**Task to complete**
Your task is to repeat the entries exactly. Leave the pictures out.

**Excerpted records**
·····

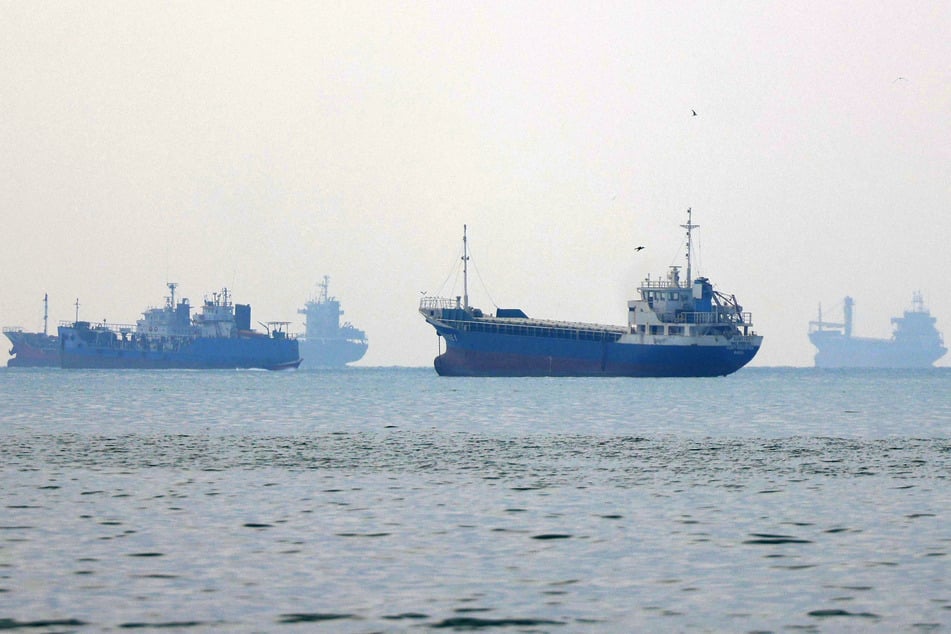 Missile strikes massive tanker in the Hormuz Strait amid escalating Iran conflict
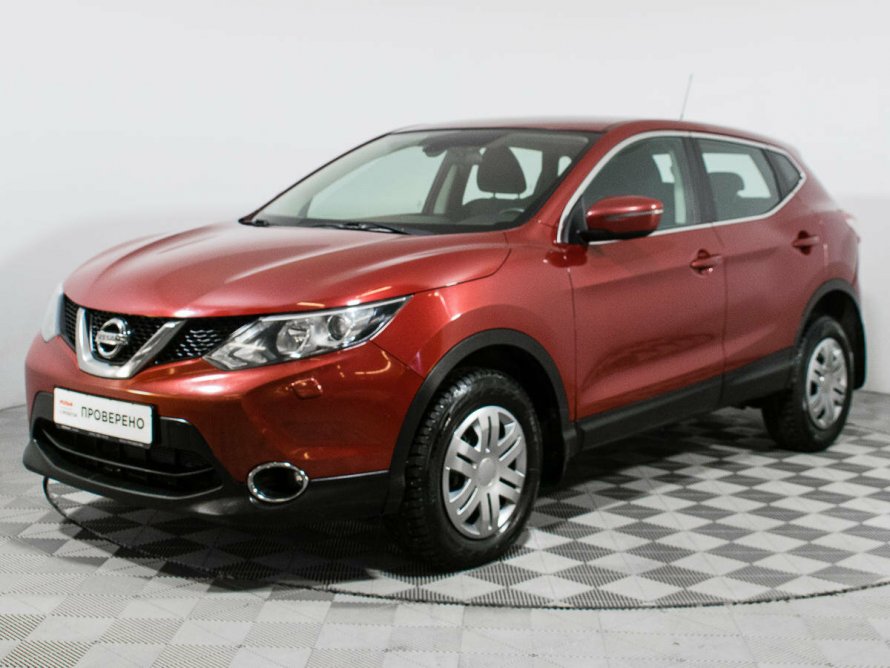 Nissan Qashqai красный 2014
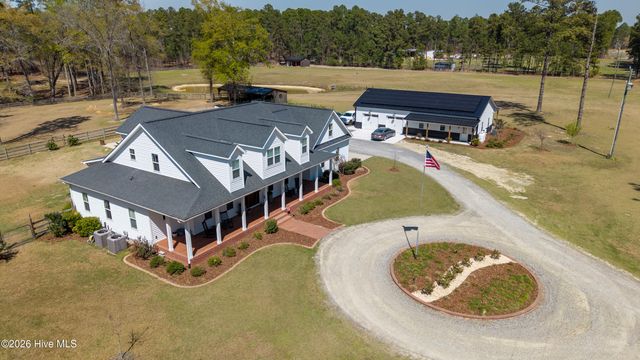 826 Furr Road, Vass, NC 28394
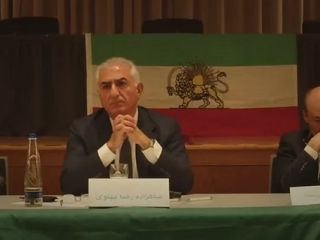 رضا پهلوی: بجای «رهبر» به من بگویید «پدر ملت ایران»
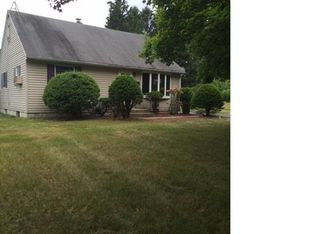 11 James Dr, Nanuet, NY 10954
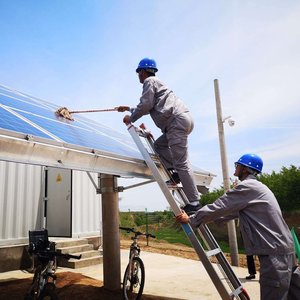 Limpiador de Paneles Fotovoltaicos de Grado Industrial <span class=keywords><strong>RE</strong></span>-YINCAI, 99% de Pureza, Elimina Manchas sin Esfuerzo, Fácil de Usar, No Corrosivo, Sin Residuos - Product Image 5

·····

**Completed task**
 Missile strikes massive tanker in the Hormuz Strait amid escalating Iran conflict
 Nissan Qashqai красный 2014
 826 Furr Road, Vass, NC 28394
 رضا پهلوی: بجای «رهبر» به من بگویید «پدر ملت ایران»
 11 James Dr, Nanuet, NY 10954
 Limpiador de Paneles Fotovoltaicos de Grado Industrial <span class=keywords><strong>RE</strong></span>-YINCAI, 99% de Pureza, Elimina Manchas sin Esfuerzo, Fácil de Usar, No Corrosivo, Sin Residuos - Product Image 5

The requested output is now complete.